Friday, 8 February 2013

Do You Hear The People Sing

“Do you hear the people sing?
Singing the song of angry men?
It is the music of the people
Who will not be slaves again!
When the beating of your heart
Echoes the beating of the drums
There is a life about to start
When tomorrow comes!

Do You Hear the People Sing – Les Miserables

It will probably come as no surprise to you my love of music stretches well into the musical scene. After all I am an advocate of nearly every type of music – except dubstep. God, I hate dubstep. However, musicals get a big tick for me. I both love to see them live and love to listen to just the music - I have a playlist dedicated just to musicals on my iPod despite most needing a plotline to make sense. From Grease to Rocky Horror Picture Show to Mamma Mia and, of course, every Disney musical ever, the stage singing sensation makes me happy.

I finally got around to seeing the new Les Miserables movie last week and I’m using this blog post to sift through the good, the bad and the utterly fabulous. One of the biggest talking points was whether the actors could portray these classic characters and all they had to suffer through. To me, Hugh Jackman made a very believable Jean Val Jean and nailed the thinking-outloud-singing parts. Russell Crowe as Javert was a good choice with his evil eye and professional manner – though I thought he struggled on some of the higher singing notes. Sacha Baron-Cohen and Helena Bonham-Carter were the perfectly deliciously evils as The Thenadiers, and I cannot fault any of the Revolutionary Student Group choices, especially the youngster playing Gavroche.

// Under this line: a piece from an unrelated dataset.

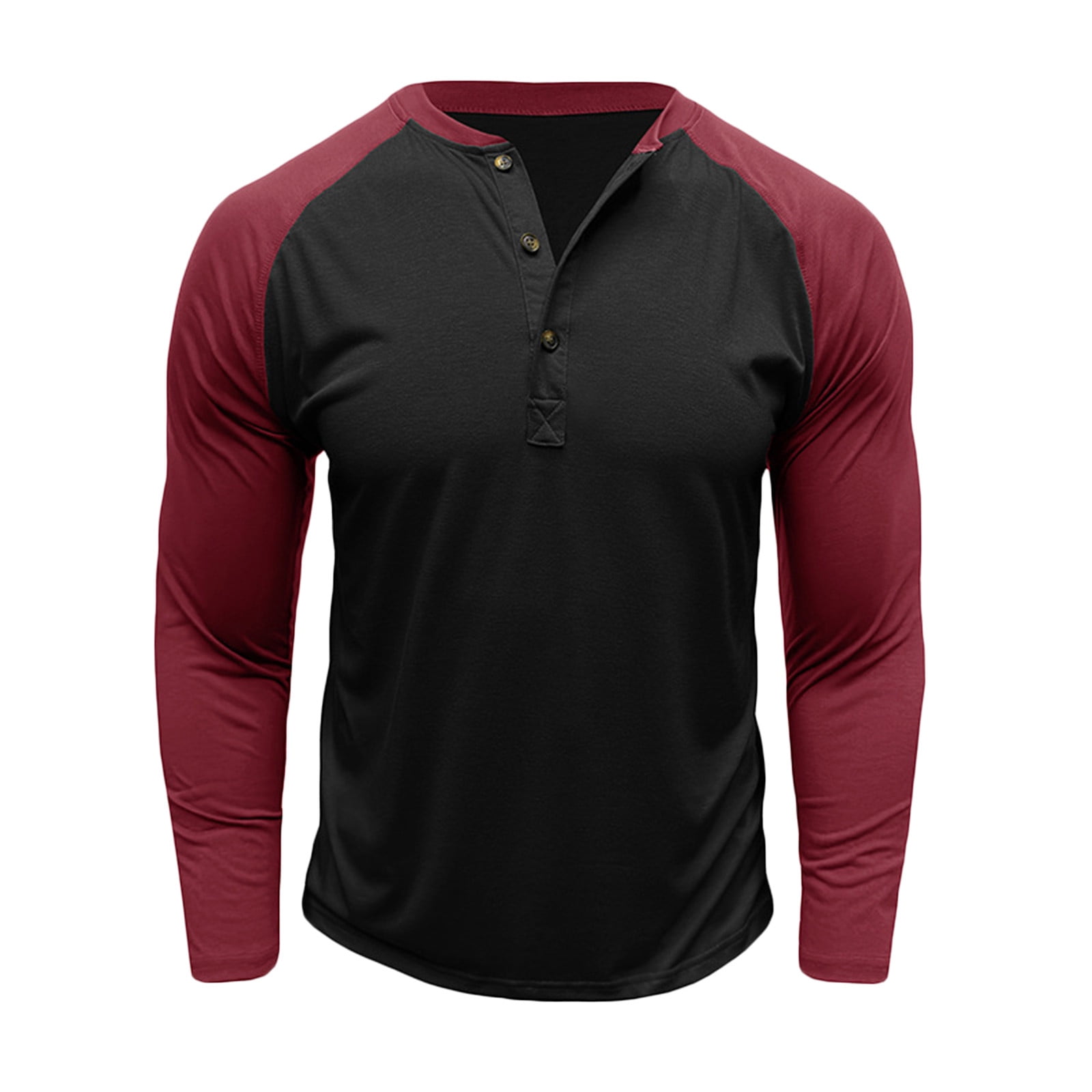 Yyeselk Men's Henley Shirts Color Block Raglan Long Sleeve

I had a problem with all three of the lead females though. I thought the actual choices of Anne Hathaway as Fantine, Amanda Seyfreid as Cosette and Samantha Barks as Eponine were fine and their singing was very good. But I can’t help feeling they were all portrayed far too modern compared to the rest of the film. The pretty dress Fantine wore at the start which took away from the hard times working in the factory and Eponine’s lack of looking like she lived in a rough time really bugged me.

As I said before, I’m a fan of the musical and a bit of a traditionalist. There were two parts of the film which I feel they just didn’t do right. Firstly, if you saw any other version you’d know Jean Val Jean rips open his shirt at the end of Who Am I to reveal his prison number 24601 which Javert stares at, realising he’s found his man. This version didn’t do it and I felt it lost its authenticity a bit ... and because I, like most girls, wanted to see Hugh Jackman take his shirt off. Secondly, there were swapping around of lines in the songs – the worst being in At The End Of The Day which does NOT go I am the mayor of this town / I run a business of repute. Finally, the new song Suddenly did nothing for me except fill in a bit of time between leaving the pub and arriving at the Paris gate. 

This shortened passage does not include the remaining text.